Chapter 20. Cache Stores

20.1. Cache Stores

The cache store connects Red Hat JBoss Data Grid to the persistent data store. Cache stores are associated with individual caches. Different caches attached to the same cache manager can have different cache store configurations.

Note

If a clustered cache is configured with an unshared cache store (where shared is set to false), on node join, stale entries which might have been removed from the cluster might still be present in the stores and can reappear.

20.2. Cache Loaders and Cache Writers

Integration with the persistent store is done through the following SPIs located in org.infinispan.persistence.spi:

  • CacheLoader
  • CacheWriter
  • AdvancedCacheLoader
  • AdvancedCacheWriter

CacheLoader and CacheWriter provide basic methods for reading and writing to a store. CacheLoader retrieves data from a data store when the required data is not present in the cache, and CacheWriter is used to enforce entry passivation and activation on eviction in a cache.

AdvancedCacheLoader and AdvancedCacheWriter provide operations to manipulate the underlying storage in bulk: parallel iteration and purging of expired entries, clear and size.

The org.infinispan.persistence.file.SingleFileStore is a good starting point to write your own store implementation.

Note

Previously, JBoss Data Grid used the old API (CacheLoader, extended by CacheStore), which is also still available.

20.3. Cache Store Configuration

20.3.1. Configuring the Cache Store

Cache stores can be configured in a chain. Cache read operations checks each cache store in the order configured until a valid non-null element of data has been located. Write operations affect all cache stores unless the ignoreModifications element has been set to "true" for a specific cache store.

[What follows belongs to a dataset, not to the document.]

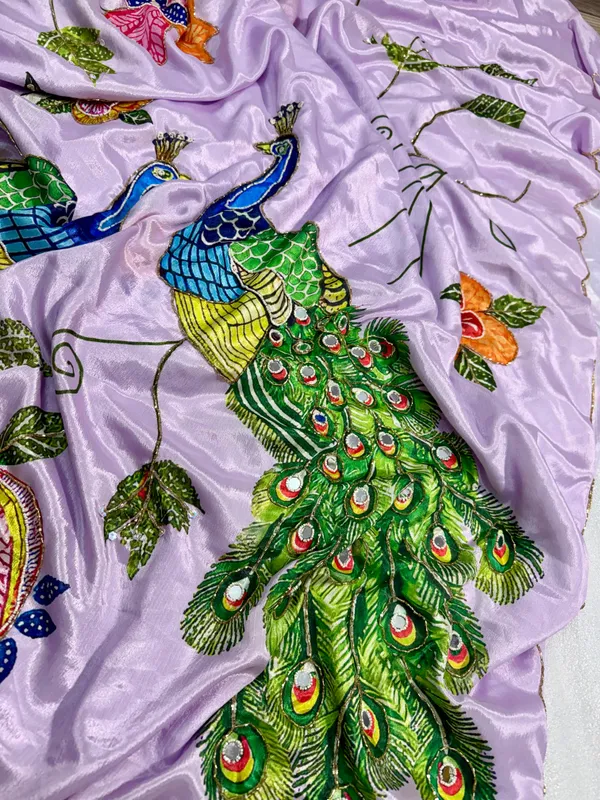 Lavender_Peacock_Hand-Embroidered_Saree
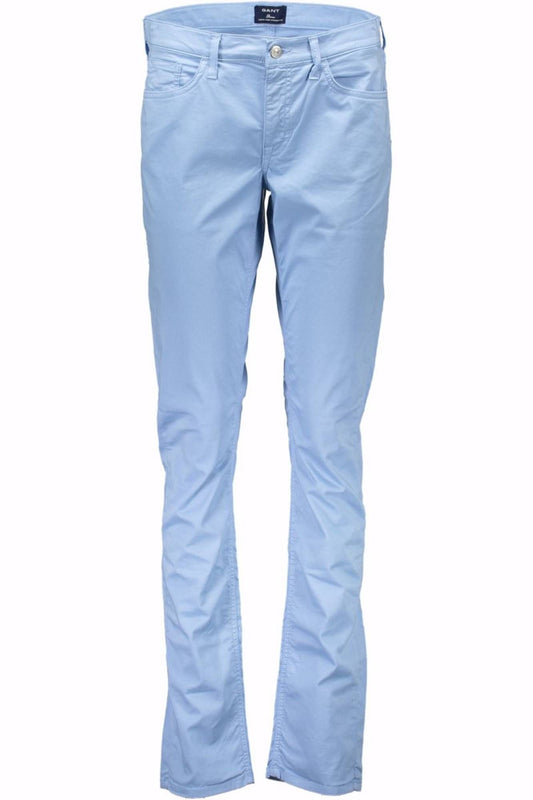 Light Blue Cotton Women Trouser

20.3.2. Configure the Cache Store using XML (Library Mode)

The following example demonstrates cache store configuration using XML in JBoss Data Grid’s Library mode:

<persistence passivation="false">
   <file-store shared="false"
               preload="true"
               fetch-state="true"
               purge-startup="false"
               singleton="true"
               location="${java.io.tmpdir}" >
      <write-behind enabled="true"
             flush-lock-timeout="15000"
             thread-pool-size="5" />
   </singleFile>
</persistence>

For details about the elements and parameters used in this sample configuration, see Cache Store Configuration Details (Library Mode).

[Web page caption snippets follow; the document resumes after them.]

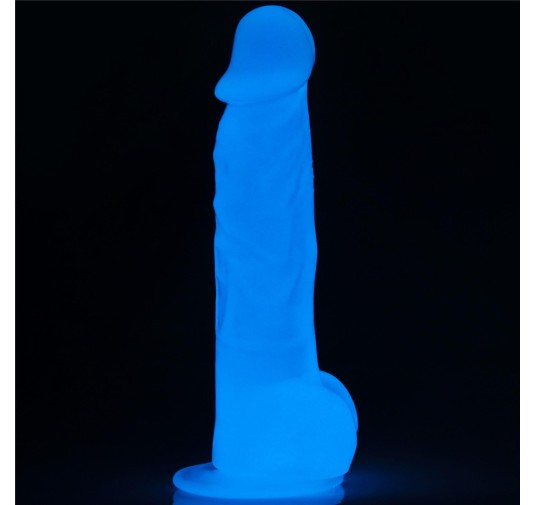 Dildo led giętkie duży penis podświetlany 21,5 cm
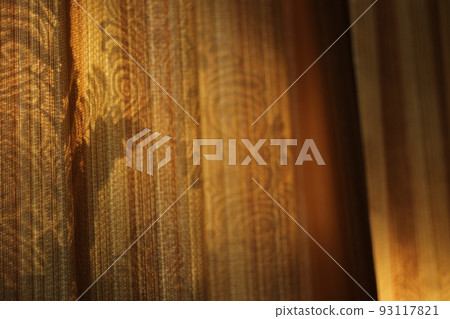 warm early morning lights and brown curtains 93117821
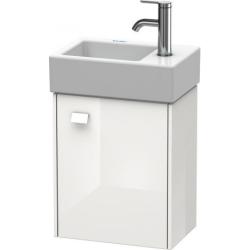 Тумба под раковину Duravit Brioso, 36,4х23,9х44,2 см, подвесная, с распашной дверцей, ДСП, цвет: белый глянец/хром, шкафчик навесной, прямоугольная, правая, в ванную комнату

20.3.3. About SKIP_CACHE_LOAD Flag

In Red Hat JBoss Data Grid’s Remote Client-Server mode, when the cache is preloaded from a cache store and eviction is disabled, read requests go to the memory. If the entry is not found in a memory during a read request, it accesses the cache store which may impact the read performance.

To avoid referring to the cache store when a key is not found in the memory, use the SKIP_CACHE_LOAD flag.

20.3.4. About the SKIP_CACHE_STORE Flag

When the SKIP_CACHE_STORE Flag is used then the cache store will not be considered for the specified cache operations. This flag can be useful to place an entry in the cache without having it included in the configured cache store, along with determining if an entry is found within a cache without retrieving it from the associated cache store.

20.3.5. About the SKIP_SHARED_CACHE_STORE Flag

When the SKIP_SHARED_CACHE_STORE Flag is enabled then any shared cache store will not be considered for the specified cache operations. This flag can be useful to place an entry in the cache without having it included in the shared cache store, along with determining if an entry is found within a cache without retrieving it from the shared cache store.

20.4. Shared Cache Stores

20.4.1. Shared Cache Stores

A shared cache store is a cache store that is shared by multiple cache instances.

A shared cache store is useful when all instances in a cluster communicate with the same remote, shared database using the same JDBC settings. In such an instance, configuring a shared cache store prevents the unnecessary repeated write operations that occur when various cache instances attempt to write the same data to the cache store.

20.4.2. Invalidation Mode and Shared Cache Stores

When used in conjunction with a shared cache store, Red Hat JBoss Data Grid’s invalidation mode causes remote caches to see the shared cache store to retrieve modified data.

The benefits of using invalidation mode in conjunction with shared cache stores include the following:

  • Compared to replication messages, which contain the updated data, invalidation messages are much smaller and result in reduced network traffic.
  • The remaining cluster caches look up modified data from the shared cache store lazily and only when required to do so, resulting in further reduced network traffic.

20.4.3. The Cache Store and Cache Passivation

In Red Hat JBoss Data Grid, a cache store can be used to enforce the passivation of entries and to activate eviction in a cache. Whether passivation mode or activation mode are used, the configured cache store both reads from and writes to the data store.

When passivation is disabled in JBoss Data Grid, after the modification, addition or removal of an element is carried out the cache store steps in to persist the changes in the store.

20.4.4. Application Cachestore Registration

It is not necessary to register an application cache store for an isolated deployment. This is not a requirement in Red Hat JBoss Data Grid because lazy deserialization is used to work around this problem.

20.5. Connection Factories

20.5.1. Connection Factories

In Red Hat JBoss Data Grid, all JDBC cache stores rely on a ConnectionFactory implementation to obtain a database connection. This process is also known as connection management or pooling.

A connection factory can be specified using the ConnectionFactoryClass configuration attribute. JBoss Data Grid includes the following ConnectionFactory implementations:

  • ManagedConnectionFactory
  • SimpleConnectionFactory.
  • PooledConnectionFactory.

20.5.2. About ManagedConnectionFactory

ManagedConnectionFactory is a connection factory that is ideal for use within managed environments such as application servers. This connection factory can explore a configured location in the JNDI tree and delegate connection management to the DataSource.

20.5.3. About SimpleConnectionFactory

SimpleConnectionFactory is a connection factory that creates database connections on a per invocation basis. This connection factory is not designed for use in a production environment.

20.5.4. About PooledConnectionFactory

PooledConnectionFactory is a connection factory based on C3P0, and is typically recommended for standalone deployments as opposed to deployments utilizing a servlet container, such as JBoss EAP. This connection factory functions by allowing the user to define a set of parameters which may be used for all DataSource instances generated by the factory.